EXTRACTED INFORMATION:
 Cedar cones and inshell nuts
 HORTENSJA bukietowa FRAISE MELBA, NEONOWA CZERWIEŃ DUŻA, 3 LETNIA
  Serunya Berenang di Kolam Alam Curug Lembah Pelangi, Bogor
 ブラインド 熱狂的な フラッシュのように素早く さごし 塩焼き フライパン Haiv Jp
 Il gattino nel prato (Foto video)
* * *
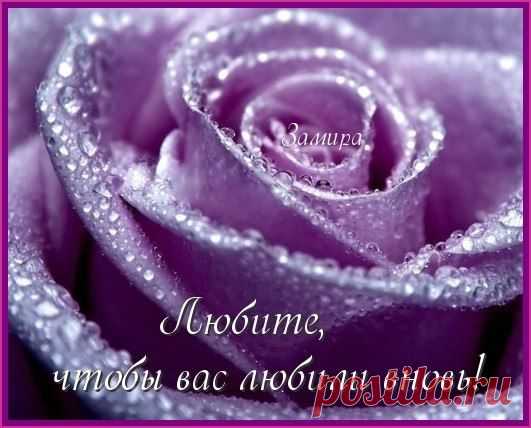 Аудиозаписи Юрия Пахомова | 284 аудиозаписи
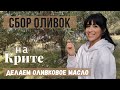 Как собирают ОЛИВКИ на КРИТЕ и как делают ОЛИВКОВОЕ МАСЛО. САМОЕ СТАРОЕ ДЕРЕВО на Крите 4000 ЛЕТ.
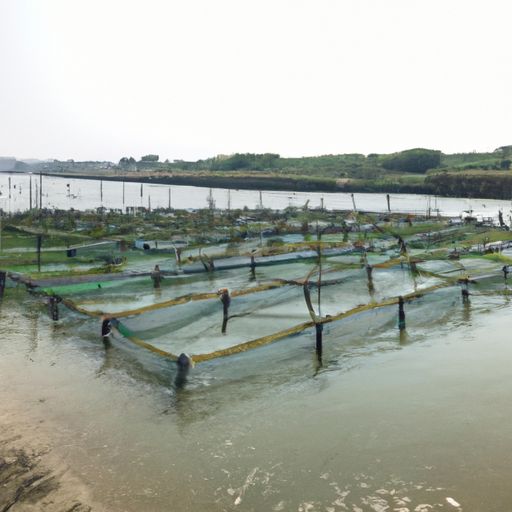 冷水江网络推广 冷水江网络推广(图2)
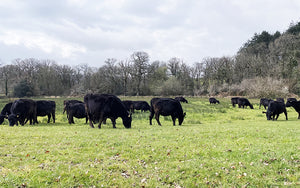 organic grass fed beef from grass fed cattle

DIRECTIONS: From the records above, copy only the lines running from the line holding "冷水江网络推广 冷水江网络推广(图2)" through the line holding "organic grass fed beef from grass fed cattle", with no pictures.

ANSWER SECTION:
 冷水江网络推广 冷水江网络推广(图2)
 organic grass fed beef from grass fed cattle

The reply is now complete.